Hi Stephen,
Thank you very much for the help.
Thanks
Jason
On Fri, Mar 8, 2024 at 1:28 PM Wall, Stephen <stephen.wall@xxxxxxxxxx> wrote:
> From: openssl-users <openssl-users-bounces@xxxxxxxxxxx> On Behalf Of
> Viktor Dukhovni
>
> On Fri, Mar 08, 2024 at 03:50:31PM +0000, Wall, Stephen wrote:
> > So, no. The callback would be used when the client certificate is
> > encrypted and needs a password.
>
> No. The client certificate (received from the remote client as part of the TLS
> handshake) is never encrypted with a password (in TLS 1.3 the enclosing TLS
> record will be encrypted with a key derived from the exchanged key share
> messages).
Thanks for the correction. My statement above should have read "when the client certificate's private key is encrypted", and is referring to the client end of the connection. I keep my certificates and private keys in the same file, so typically only need to specify the certificate in configuration files.

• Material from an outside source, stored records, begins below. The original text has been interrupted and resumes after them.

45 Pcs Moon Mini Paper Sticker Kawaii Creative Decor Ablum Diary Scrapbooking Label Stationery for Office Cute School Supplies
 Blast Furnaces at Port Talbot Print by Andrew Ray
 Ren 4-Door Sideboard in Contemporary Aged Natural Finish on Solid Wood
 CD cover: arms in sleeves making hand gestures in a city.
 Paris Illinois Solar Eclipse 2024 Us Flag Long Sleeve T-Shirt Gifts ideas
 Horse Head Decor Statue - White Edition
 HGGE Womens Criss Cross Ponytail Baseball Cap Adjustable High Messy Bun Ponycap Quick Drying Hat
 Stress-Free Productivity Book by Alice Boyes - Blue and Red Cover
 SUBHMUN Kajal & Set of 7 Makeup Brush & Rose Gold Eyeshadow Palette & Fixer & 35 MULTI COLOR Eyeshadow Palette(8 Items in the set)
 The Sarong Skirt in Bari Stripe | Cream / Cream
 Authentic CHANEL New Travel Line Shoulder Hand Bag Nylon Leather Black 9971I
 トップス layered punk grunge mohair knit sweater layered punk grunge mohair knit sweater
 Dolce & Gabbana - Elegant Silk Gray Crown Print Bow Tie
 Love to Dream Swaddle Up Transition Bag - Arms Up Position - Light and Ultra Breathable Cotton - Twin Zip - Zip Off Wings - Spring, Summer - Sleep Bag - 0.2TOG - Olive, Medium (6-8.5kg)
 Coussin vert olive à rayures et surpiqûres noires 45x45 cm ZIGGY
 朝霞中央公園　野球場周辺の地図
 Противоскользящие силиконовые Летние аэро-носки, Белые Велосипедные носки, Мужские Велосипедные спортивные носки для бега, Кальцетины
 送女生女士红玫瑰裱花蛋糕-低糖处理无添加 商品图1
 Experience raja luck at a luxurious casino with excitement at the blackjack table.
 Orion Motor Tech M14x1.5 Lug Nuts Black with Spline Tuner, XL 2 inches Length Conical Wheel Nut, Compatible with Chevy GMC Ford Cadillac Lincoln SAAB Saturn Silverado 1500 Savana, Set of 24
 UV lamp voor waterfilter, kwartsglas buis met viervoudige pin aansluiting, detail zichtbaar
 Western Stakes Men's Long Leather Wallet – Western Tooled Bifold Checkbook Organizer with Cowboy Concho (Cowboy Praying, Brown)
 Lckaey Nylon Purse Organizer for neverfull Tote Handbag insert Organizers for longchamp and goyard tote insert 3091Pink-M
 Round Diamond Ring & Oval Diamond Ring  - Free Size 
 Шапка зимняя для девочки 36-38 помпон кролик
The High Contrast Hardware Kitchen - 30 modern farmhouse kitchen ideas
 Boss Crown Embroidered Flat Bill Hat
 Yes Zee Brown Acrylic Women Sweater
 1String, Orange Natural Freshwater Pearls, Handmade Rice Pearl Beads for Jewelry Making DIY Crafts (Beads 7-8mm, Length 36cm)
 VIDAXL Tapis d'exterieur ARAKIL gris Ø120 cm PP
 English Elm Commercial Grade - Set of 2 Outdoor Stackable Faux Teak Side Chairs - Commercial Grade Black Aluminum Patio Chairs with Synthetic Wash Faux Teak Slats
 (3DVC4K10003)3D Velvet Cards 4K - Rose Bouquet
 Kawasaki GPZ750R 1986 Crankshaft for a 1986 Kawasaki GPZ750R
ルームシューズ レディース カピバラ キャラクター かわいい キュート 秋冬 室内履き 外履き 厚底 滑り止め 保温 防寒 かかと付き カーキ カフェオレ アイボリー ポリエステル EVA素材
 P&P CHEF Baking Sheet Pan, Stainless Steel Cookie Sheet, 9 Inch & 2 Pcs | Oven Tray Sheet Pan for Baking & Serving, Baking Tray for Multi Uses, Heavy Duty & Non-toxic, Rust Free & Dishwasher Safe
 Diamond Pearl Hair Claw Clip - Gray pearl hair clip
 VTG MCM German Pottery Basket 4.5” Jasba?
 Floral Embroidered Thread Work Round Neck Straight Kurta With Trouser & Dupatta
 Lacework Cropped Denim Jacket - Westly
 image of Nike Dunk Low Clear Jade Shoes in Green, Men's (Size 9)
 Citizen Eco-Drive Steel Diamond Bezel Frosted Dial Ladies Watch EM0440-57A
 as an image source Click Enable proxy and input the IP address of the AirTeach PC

Note that I was not referring to the certificate sent over the wire, rather the cert/key file on the filesystem. If a program needs to provide a certificate from the filesystem as part of the TLS handshake, then it also needs to access the private key for that certificate. If that private key is encrypted, then a password is needed. That applies to both clients and servers. These functions allow you to provide an alternate way for the client/server software to get the password (default is typically to prompt for it), for example, query a database, return a fixed or calculated string, open a GUI dialog.
I'll also note that per their man pages, the "PEM_read_*()" functions will interpret their callback data parameter as a null-terminated string containing the password *if* the callback function parameter is NULL (new info to me), so using only "SSL_CTX_set_default_passwd_cb_userdata()" to set a static password string might be viable. I have not tested that or seen code that does this.